La Chinoise narratrice ne souhaite pas froisser sa compagne : Foram-se todos embora, Catarina. « Ils s'en sont tous allés, Catherine » : Chinoise , mais christianisée. L'essentiel n'est pas de savoir qui est parti, mais qu'ils sont partis. Tout le monde s'en va, éloignement, mort, navigation,
enlèvement au bout du monde, où le navigateur s'étonne gentiment que son œuvre soit si connue, si proche d'un Evangile évanescent. « C'est déjà le Sud, pour des millions d'années » - « un jour il y aura la guerre », les Japonais visent déjà l'Indochine. « Je notai le découragement, o desalento, dans ses paroles, dites sur un air triste et les larmes aux yeux. » C'est traduit maladroitement. « Je lui demandai de faire silence le temps que j'essayais de localiser l'endroit exact où j'allais faire la tombe ». A cova, la fosse, ou, « au figuré », dit le dictionnaire, « la tombe ». Il n'est donc pas enterré, fine déduction, car le lecteur toujours ignore, lusophone ou non, si les choses existent ou sont fantasmées.

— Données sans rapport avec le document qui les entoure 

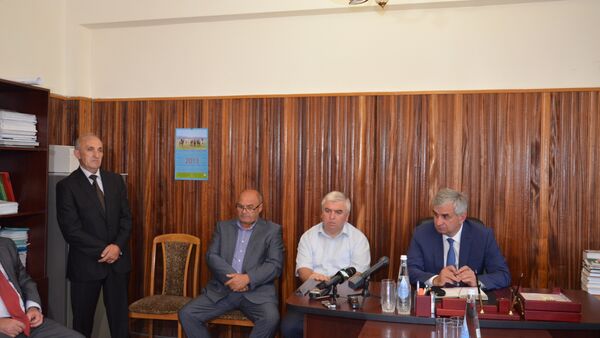 Президент представил сотрудникам Верховного Суда нового председателя - Sputnik Абхазия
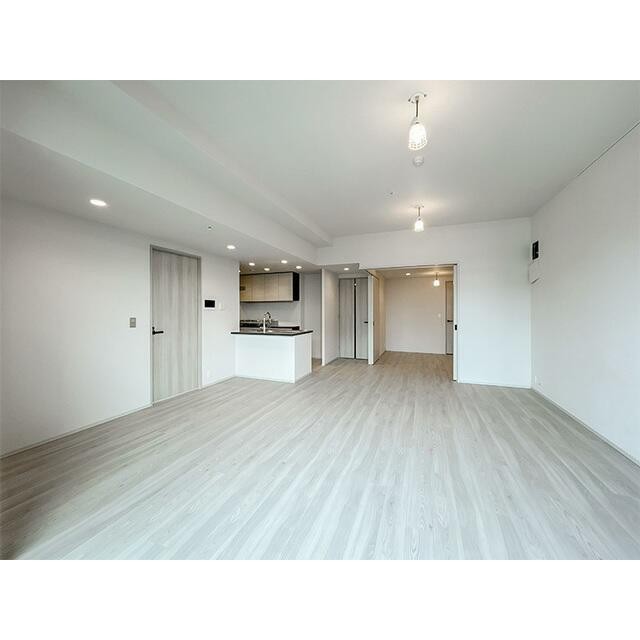 ※写真は同タイプ住戸です。(居間)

Et ceux qui sont partis, ce sont peut-être, doublement, les morts, par-dessus lesquels les chats ont sauté. J'imagine un cimetière très sablonneux, comme le mien en rêve. Nous sommes à l'extrémité de l'Insulinde. L'éloignement, le sel, le sable et la mer : plus rien. « Ce sont les parents du défunt ? » (do finado) - les deux femmes avaient croisé des gens qui revenaient du cimetière. Elles pleurent un homme commun , qu'elles avaient tant admiré. Et tous sont partis, les vivants, une fois l'hommage terminé, la cérémonie obligatoire. « Pour finir, il y avait toujours là une personne pour se souvenir du défunt » : laquelle ? Pourquoi tenaient-elles tant à cet Alain Gerbault ? Parce qu'il était français ? Les colons ne juraient que par les Français. « C'était monsieur Caixinhas, o coveiro » - le fossoyeur. L'homme du convoi, cette éventualité n'était pas à écarter en effet. Beau personnage que le fossoyeur, depuis Hamlet. Gerbault mourut-il vraiment dans une telle indifférence ? Sommes-nous assez doués pour apprécier le style, en portugais ? et que va dire ce fossoyeur ? » On lui avait donné ce nom à cause de sa profession » : Caixinhas, [kaïshinash], « Cercueillots » - la vie s'envole vite sous l'Equateur ! Et quel humour ! « Cercueillt » : ça diminuait la mort, n'en doutons pas. Il était petit, rabougri ? Ou très grand, par contraste ? Qui serait grand à Timor ? O trato carinhoso. Dictionnaire (parions pour « les traits délicats ») : « la fréquentation tendre ». « D'un commerce agréable ».
La mort et la vie toutes deux familières. Quoi qu'il eût été, quoi qu'il puisse dire, ce fossoyeur, très symbolique. Antigo militante comunista, traduction inutile, desterrado para Timor - « déterré » ? c'est trop beau. « Exilé », certes, mais tout de même « déterré », « ôté de sa terre », « à la même époque que Bela Kun, duquel il ne gardait pas un souvenir très reconnaissant ». Dictionnaire, lubrifiant, « loub » ! « Bela Kun : fondateur du parti communiste hongrois ; 595 exécution en 133 jours ; fusillé par Staline » - dont la spécialité fut de laisser la bride sur le cou à ses sbires, pour ensuite les déjuger, puis s'en débarrasser. « Réhabilité par Khrouchtchev ».
Segundo o proprio, selon lui-même , ç'avaient été ceux de la Légion Rouge (Vermelha) qui avaient naufragé la révolution (a darem cabo da revolução) avec ses actes de violence ». La fameuse « dictature du prolétariat ». Il n'y a pas que sous l'Equateur que la vie ne vaut pas cher. Notre fossoyeur s'était-il opposé à la Légion Rouge ? Ou bien l'en avait-on exclus ? Retratar signifie « dépeindre » : le dictionnaire est très élémentaire. « Plus tard certains s'étaient rétractés, repentis, et furent admis dans l'administration publique »... Nous avons été soumis de longues semaines à ces douches tièdes hérissées de faits acérés parfois, dérangeants, et nous en sommes ressortis tout abasourdis de nostalgies indéfinissables... Requiem pour un navigateur solitaire, que vous pouvez lire aussi en français, en suédois, en italien, au choix.
C'est de Luis Cardoso, l'un des plus importants prosateurs portugais de notre temps.